(Dataset entries begins)
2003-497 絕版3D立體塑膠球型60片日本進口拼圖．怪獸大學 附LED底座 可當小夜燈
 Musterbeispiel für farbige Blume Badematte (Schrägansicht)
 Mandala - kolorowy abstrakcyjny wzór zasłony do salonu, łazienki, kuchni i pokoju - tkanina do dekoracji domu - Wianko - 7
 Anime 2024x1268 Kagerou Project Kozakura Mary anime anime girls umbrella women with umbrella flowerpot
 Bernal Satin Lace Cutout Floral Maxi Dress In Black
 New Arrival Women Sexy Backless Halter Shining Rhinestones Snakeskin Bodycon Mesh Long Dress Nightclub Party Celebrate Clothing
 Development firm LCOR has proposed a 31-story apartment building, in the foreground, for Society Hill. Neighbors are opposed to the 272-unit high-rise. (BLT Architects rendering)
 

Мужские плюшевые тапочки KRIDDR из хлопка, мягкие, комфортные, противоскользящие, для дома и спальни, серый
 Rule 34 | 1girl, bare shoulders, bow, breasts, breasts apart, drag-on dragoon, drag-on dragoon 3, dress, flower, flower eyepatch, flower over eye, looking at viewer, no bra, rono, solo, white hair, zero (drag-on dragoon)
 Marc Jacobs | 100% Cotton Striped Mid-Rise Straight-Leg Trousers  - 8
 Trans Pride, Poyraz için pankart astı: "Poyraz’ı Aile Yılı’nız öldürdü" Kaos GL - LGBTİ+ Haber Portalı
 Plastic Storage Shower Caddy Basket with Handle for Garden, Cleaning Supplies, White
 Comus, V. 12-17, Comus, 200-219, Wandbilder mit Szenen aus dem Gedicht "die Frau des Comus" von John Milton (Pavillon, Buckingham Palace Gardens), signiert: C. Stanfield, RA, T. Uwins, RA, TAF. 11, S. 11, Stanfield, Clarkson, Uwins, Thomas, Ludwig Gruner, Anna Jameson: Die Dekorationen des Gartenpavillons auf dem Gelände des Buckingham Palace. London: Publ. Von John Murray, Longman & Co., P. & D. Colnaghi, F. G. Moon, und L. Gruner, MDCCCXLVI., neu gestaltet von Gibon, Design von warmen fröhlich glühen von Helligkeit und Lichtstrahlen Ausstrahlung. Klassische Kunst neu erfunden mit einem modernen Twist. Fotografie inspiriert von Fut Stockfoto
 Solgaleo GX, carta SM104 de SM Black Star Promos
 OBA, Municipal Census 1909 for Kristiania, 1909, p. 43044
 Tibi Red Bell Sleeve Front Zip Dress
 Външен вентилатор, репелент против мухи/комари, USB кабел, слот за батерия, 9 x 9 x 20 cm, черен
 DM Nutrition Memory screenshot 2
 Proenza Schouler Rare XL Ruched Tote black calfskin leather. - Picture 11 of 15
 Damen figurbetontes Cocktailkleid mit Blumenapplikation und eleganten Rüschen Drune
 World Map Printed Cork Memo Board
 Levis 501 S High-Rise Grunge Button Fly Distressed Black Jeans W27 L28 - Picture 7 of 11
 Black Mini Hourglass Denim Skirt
(Dataset entries ends)
[Your assignment]
Report each line of the entries where the word "with" occurs.

[Written response]
 Anime 2024x1268 Kagerou Project Kozakura Mary anime anime girls umbrella women with umbrella flowerpot
 Plastic Storage Shower Caddy Basket with Handle for Garden, Cleaning Supplies, White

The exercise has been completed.